Feb 232012
 February 23, 2012  Posted by  Featured News, Laws

John W. Whitehead of the Rutherford Institute writes about the controversial Virginia bill requiring transvaginal ultrasound as a prerequisite to obtaining an abortion:

… The issue, however, is not even whether or not a transvaginal ultrasound is widely used or is medically necessary in order for a doctor to carry out an early-stage abortion. The point is that requiring doctors to carry out such invasive probes on a woman without her consent, thereby intruding upon the physician-patient relationship and reducing doctors to agents of the state, violates the Fourth Amendment’s prohibition against searches by government agents. Frankly, no medical actor, doctor or otherwise, should be coerced by the state into probing a woman’s body. By mandating that doctors carry out such invasive probes on a woman without her consent, the bill’s sponsors trade one misdeed (abortion) for another (violating a woman’s Fourth Amendment right to be free from searches by government agents).

If the Fourth Amendment to our Constitution stands for one thing, it is the right to privacy and bodily integrity. As the U.S. Supreme Court has ruled, “The overriding function of the Fourth Amendment is to protect personal privacy and dignity against unwarranted intrusion by the State.” In order to violate an individual’s right to bodily integrity, the state has to show probable cause—that is, the state must have some evidence that the person who is subject to government scrutiny is engaged in criminal activity. Unless the Supreme Court declares otherwise, the fact remains that in getting an abortion, an individual is not engaging in criminal activity but in lawful activity in keeping with the U.S. Supreme Court’s declaration in Roe v. Wade that abortion is a constitutional right.

Read more on NJToday.net.

Where are the American Medical Association and the American Congress of Obstetricians and Gynecologists? They should be in the forefront of fighting this bill.
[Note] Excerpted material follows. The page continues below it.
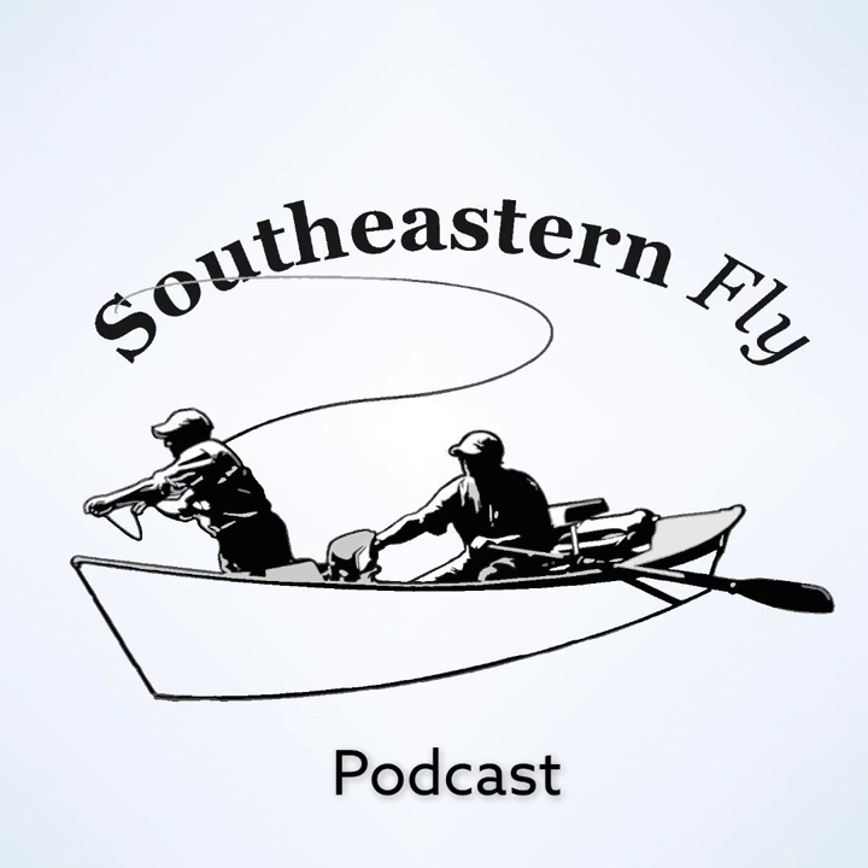Josh asks: what's the number one mistake that anglers make when fishing a dry fly on a tailwater? I think my answer would be fishing a dry fly on the tailwater a lot of times — meaning that a lot of times you see a rise, it's not a mouth coming up. It's more a back or a tail coming in there, more eating emergers.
Indeed, in my opinion, their members should be flat-out refusing to perform procedures that their providers do not find medically necessary and to which a patient has not consented.

This bill and situation goes to the heart of doctor-patient trust and confidentiality and health care that is patient-focused. It’s time for medical professionals to fight the politics and fight for patient rights as forcefully as they fight for guild issues.